WIP (2026Q2)
This is a new repository built around a first-class observability initiative for Materialize.
As of Materialize 27.0 (2026Q2), this repository is still under active development and not supported.

Glossary of Observability Terms#

A reference for the vocabulary you’ll see across these docs. The audience is a Materialize customer or operator: comfortable with SQL, conversant in DBA terminology, working knowledge of Kubernetes. We don’t define general database or Kubernetes terms (table, namespace, pod) — only what’s specific to monitoring, the Materialize internals you’ll meet in panels, or this stack’s deployment vocabulary.

Observability foundations#

Cardinality The number of unique time series (or log streams) a metric produces.
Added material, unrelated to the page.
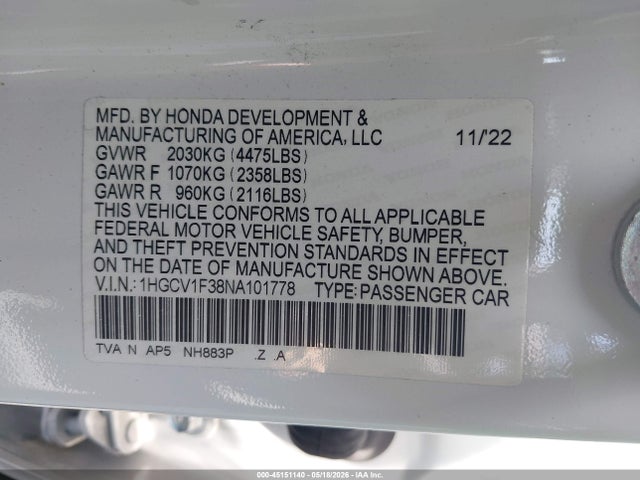2022 Honda Accord Sport მანქანა იყიდება აუქციონზე, vin: 1HGCV1F38NA101778, აუქციონის ნომერი: 45151140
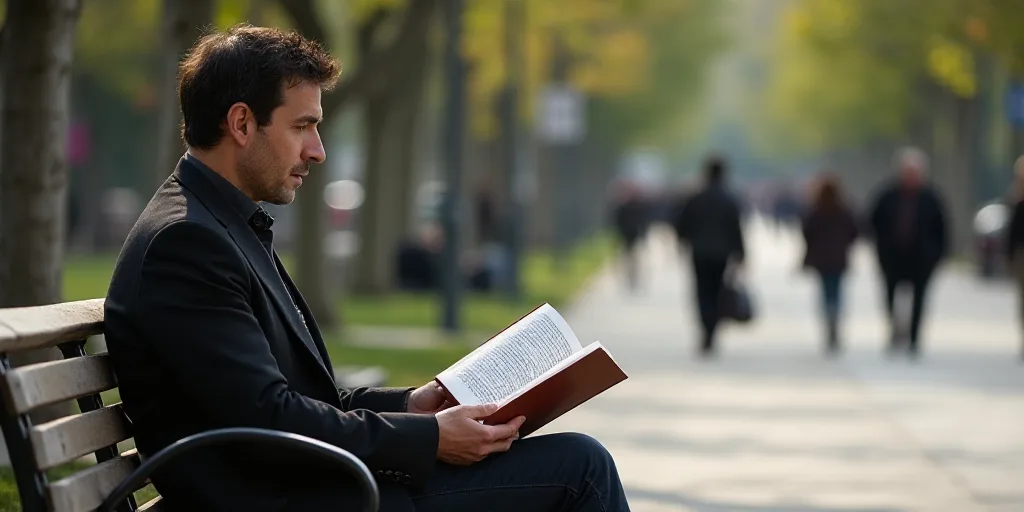 a man sitting on a bench reading a book while others walk by him on a sidewalk in the background, Es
The dominant cost-and-stability lever for any Prometheus-shaped stack: a single ill-chosen label that takes on millions of values can balloon storage and crash query backends. The materialize-monitoring pipeline applies a cardinality-reduction policy at the gateway layer before metrics egress to expensive backends — see Operating > Tuning.

Error A signal that something failed — an exception, a 5xx response, a panic. Errors surface in three forms across this stack: log lines at ERROR or WARN level (see Log level), increments on error counters (*_errors_total), and elevated rates that trip alerting rules. Per the RED method, error rate is one of the three primary indicators (alongside Rate and Duration) worth tracking for any request-serving system.

I/O Input/output — work performed against an external resource (network, disk, another process). I/O metrics in this stack come from cAdvisor (container_network_*_bytes_total, container_fs_*), node-exporter (block-device counters), and Materialize’s own metrics (source bytes received, sink throughput). Disk and network I/O are common bottlenecks for streaming systems.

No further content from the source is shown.